German economic growth accelerated at the end of last year while France’s slowed, signaling that the euro-area recovery remained uneven as the European Central Bank prepared to pledge unlimited quantitative easing. German gross domestic product surged 0.7 percent in the fourth quarter after expanding 0.1 percent in the previous three months, the Federal Statistics Office in Wiesbaden said today. The French economy grew 0.1 percent after 0.3 percent in the July-September period.
Seven years after the onset of the global economic crisis, the 19-nation euro area is still plagued by falling prices and high unemployment, while a showdown between Greece and its European partners over the country’s debt has rekindled the risk of a euro break up. A slump in oil prices is helping domestic demand and more stimulus is the pipeline from the QE plan by the ECB that has already weakened the euro.
“It’s not a story of ‘here comes the boom,’” said Nick Kounis, head of macro and financial-markets research at ABN Amro Bank NV in Amsterdam. “But we are starting to see signs of a more convincing recovery.
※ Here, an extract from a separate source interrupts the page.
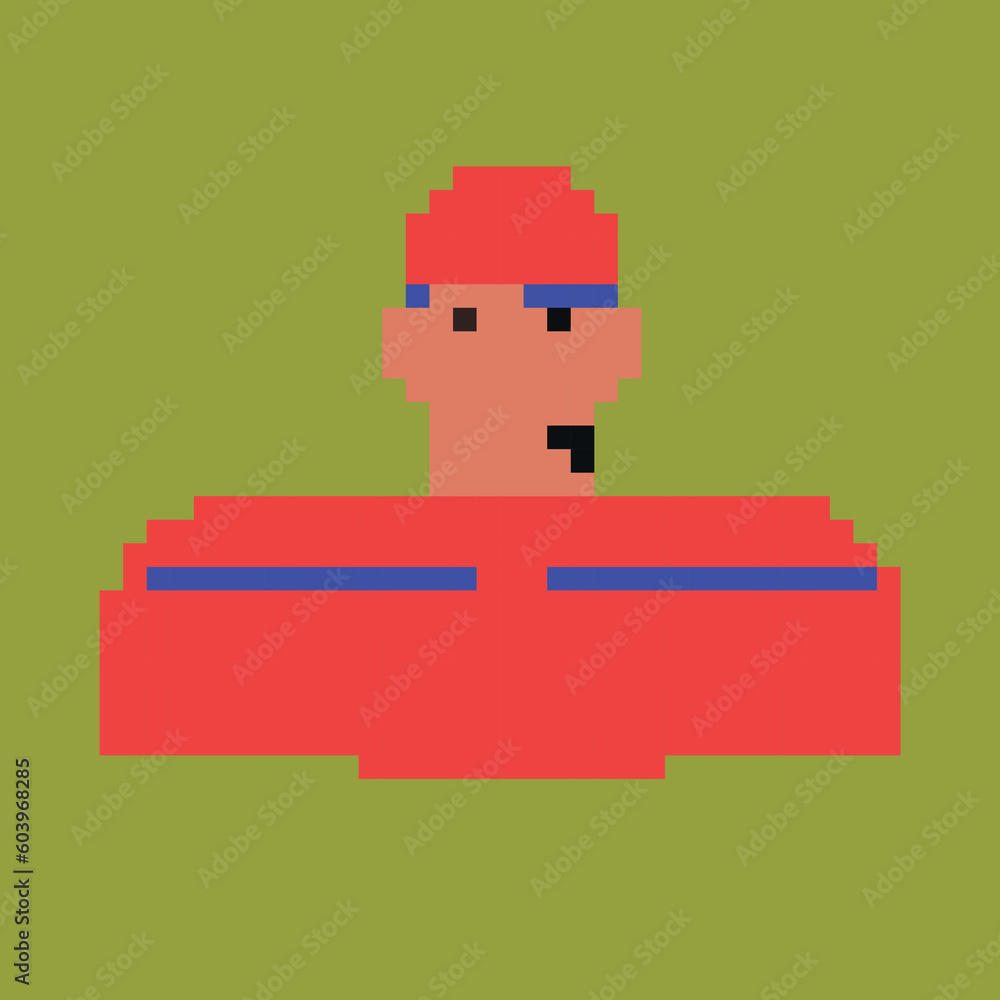 Pixel art of man characters on white banner background. Multi-ethnic group of 8 bit video game style. Game user or web profile pixel avatars of persons and people for social net portrait. Pixel art of man characters on white banner background. Multi-ethnic group of 8 bit video game style. Game user or web profile pixel avatars of persons and people for social net portrait.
The euro remained higher after the report and traded at $1.1428 at 9:41 a.m. Frankfurt time. The benchmark DAX index broke through 11,000 for the first time.
Euro-area GDP probably expanded 0.2 percent last quarter after growing at the same rate in the third, according to a separate survey. That report is due from the European Union’s statistics office in Luxembourg at 11 a.m. today. Italy and Portugal are scheduled to release national figures before then. The Slovak economy grew 2.4 percent in the fourth quarter from a year ago, and the Dutch recorded an increase in GDP of 0.5 percent from the third quarter.
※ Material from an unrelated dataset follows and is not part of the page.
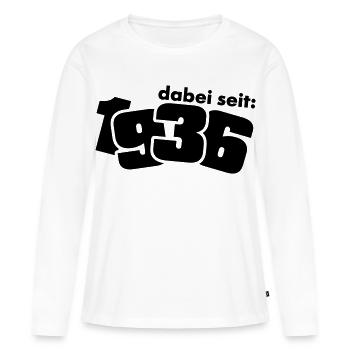 Engagé en 1936 - T-shirt manches longues Premium bio Femme - blanc - Devant - Julia (174cm)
Spain, the euro-area’s fourth-largest economy, reported on Jan. 30 that its economy expanded at the fastest pace in seven years in the fourth quarter, with GDP rising 0.7 percent from the previous one. “The German economy turned out to be strong in a difficult global economic environment, benefiting especially from a strong domestic demand,” Roderich Egeler, president of the national statistics office, said in Berlin on Jan. 15. At the time, the office said GDP increased a quarter of a percent in the fourth quarter and 1.5 percent in 2014.